Peanut Butter Cake (easy + healthy!)

Desserts

These Peanut Butter Cake bars are the perfect treat for any peanut butter lover! With a deliciously moist texture and just the right amount of sweetness, this cake is not only easy to make but also healthy for your body and soul. Ideal for dessert, snacks, or even a sweet breakfast, these bars will satisfy your cravings without the guilt.
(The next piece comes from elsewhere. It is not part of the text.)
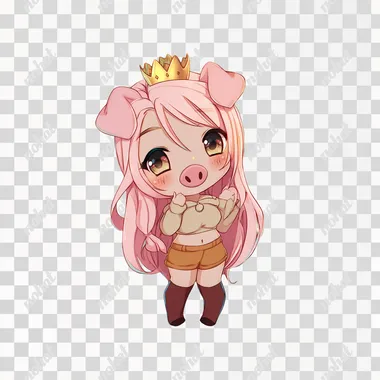 PNG Chibi Anime Queen Pig Character PNG Chibi Anime Queen Pig Character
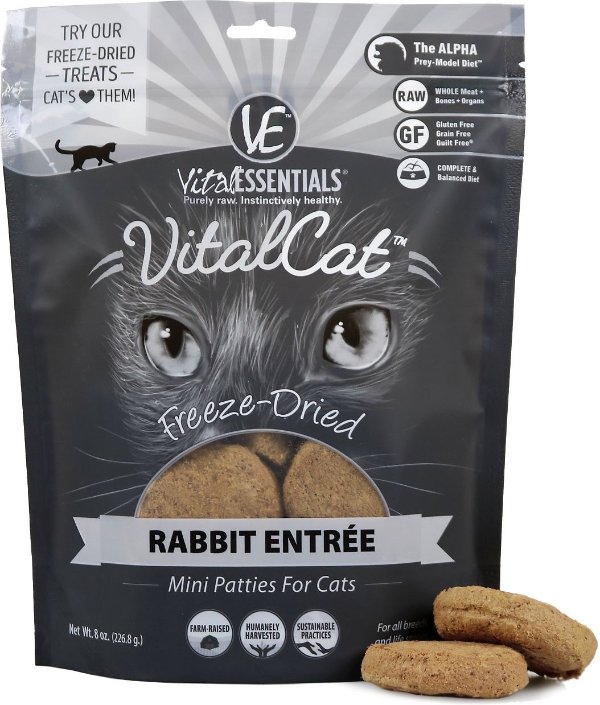 Rabbit Mini Patties Grain Free Limited Ingredient Freeze-Dried Cat Food, 8-oz bag - Chewy.com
Why You’ll Love This Recipe

  • Easy to Prepare: This recipe takes just 10 minutes of prep time, making it a quick option for busy days.
  • Healthy Ingredients: Made with wholesome ingredients like oat flour and almond meal, this cake is nutritious and guilt-free.
  • Versatile Flavors: The combination of peanut butter and chocolate makes it a delightful treat that appeals to everyone.
  • Vegan-Friendly: With no dairy or eggs, you can enjoy this dessert regardless of dietary preferences.
  • Perfect for Any Occasion: Whether it’s a birthday party, potluck, or just a cozy night in, these bars fit any event!

Tools and Preparation

Before you start baking your Peanut Butter Cake, gather the necessary tools to ensure a smooth cooking experience.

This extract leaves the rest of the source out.